The ‘curriculum transformation’ plans will also take into account the Scottish Government’s aim to reduce teacher contact time from 22.5 hours per week to 21 hours.

Dumfries and Galloway Council’s education chiefs ran a consultation between April and June this year, which asked teachers, parents, and pupils for their views on changes to the current timetable model.

One of the questions in the online survey asked: “To create an efficient timetable, many local authorities have moved to models where not all five days in school are the same format/length. What advantages, if any, do you think that could bring?”

There were a total of 2,876 responses to the consultation overall. For this particular question above, there were 325 answers.

The most common responses to advantages in timetable changes included “greater flexibility in organizing school activities, meetings, and appointments”, along with a “more efficient timetable allocation, maximizing teaching time and allowing for tailored scheduling.”

Responses also included: “Improved work-life balance: shorter days leading to improved work-life balance for both staff and students.
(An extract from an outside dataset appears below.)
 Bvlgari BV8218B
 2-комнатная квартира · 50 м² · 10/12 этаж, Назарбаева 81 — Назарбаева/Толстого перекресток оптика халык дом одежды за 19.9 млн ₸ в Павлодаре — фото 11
“Longer weekends for staff and students, potentially reducing absenteeism and boosting morale.”

This timetable review comes at a time when overstretched staff are pleading for more learning assistant support, due to one in three pupils now requiring additional support needs.

When asked about disadvantages to changing the format and length of school timetable lessons, many respondents mentioned the importance of having a consistent daily routine for students, especially those who thrive on structure.

“Varying start and finish times could lead to confusion and make it challenging for students to adjust,” said the council report.

Several respondents also highlighted potential difficulties for parents and staff in arranging childcare when school days have different lengths. This could impact attendance and participation in extracurricular activities.

A report on the matter will be discussed at the council’s education committee next Thursday.

The document explains for councillors: “Currently, our secondary schools run their own timetable models. Some of these are efficient and others are not, meaning that there are instances where secondary staff are not able to be allocated their full 22.5 hours contact time.

“This means for learners who wish to network with other schools or join online virtual lessons there are almost always instances where a learner will have to miss part, or all, of an in-school class due to scheduling conflicts.”

The report also stated: “The move to one timetable model will seek to address differences in the options available in schools as well as present a recommended efficient timetable structure for use from August 2024.”

Councillors will be asked to agree in principle that all secondary schools moved to a uniform timetable structure from August 2024. A report will then come back to the November education committee with recommendations on how this should look.